Cette idée était de demander à l’État de qualifier d’historique la Route 66, de Seligman à Kingman, dans l’espoir de rappeler au public qui voyage qu’il existe un itinéraire plus nostalgique, plus lent et plus pittoresque en Arizona. Au cours de la prochaine décennie, la Historic Route 66 Association of Arizona a été formée. Delgadillo écrivait une lettre après l’autre et parlait à tous ceux qui voulaient bien l’entendre.
« Nos efforts ont été ignorés, et ça l’a été une lutte, un véritable combat dès le premier jour, a-t-il déclaré. Mais, finalement, en novembre 1987, on accorde au tronçon Selgiman – Kingman la désignation officielle de "Historic Route 66". C’est nous, le peuple, qui avons sauvé la route. Notre petite ville a sauvé la Route 66. »
Deux jours plus tard, après un long trajet j’arrivais au Nouveau-Mexique, ce qui mettait fin à la première étape de mon voyage après environ 1 287 kilomètres. En Arizona, j’ai eu l’honneur de me « tenir debout sur le célèbre coin de rue » de Winslow; j’ai passé une nuit dans le populaire Wigwam Motel de Holbrook; et j’ai parcouru des kilomètres de magnifiques paysages en passant devant des villes fantômes, des postes de traite et des cafés familiaux. Alors que je me trouvais sous un ciel de désert sombre au Nouveau-Mexique, juste à l’ouest des lumières scintillantes de la ville d’Albuquerque, mes pensées se sont tournées vers Angel.

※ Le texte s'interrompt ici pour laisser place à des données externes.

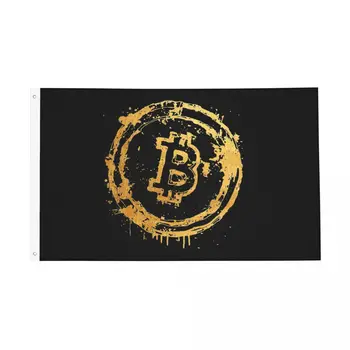 Биткойн Златен Флаг, който предпазва от Избледняване на Вътрешен и Външен Банер, Биткойн Крипто Бтк Блокчейн-Онази, 2 Люверса, Подвесное украса 90x150 см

Je pensais à lui, assis dans la vieille chaise de barbier de son père, ses yeux écarquillés, ses éclats de rire gras et sa passion pour la route toujours aussi ardente. « On ne connaît la valeur d’une chose qu’après l’avoir perdue », m’a-t-il dit ce jour-là. Cela explique peut-être pourquoi les gens empruntent toujours la Route 66; ils veulent préserver ce sentiment de communauté et se rappeler comment il fait bon de vivre en Amérique quand les gens sont solidaires. L’histoire est exprimée par ceux qui la vivent, et tout comme la Route 66, notre histoire durera tant que nous n’oublions pas ce que nous partageons ensemble.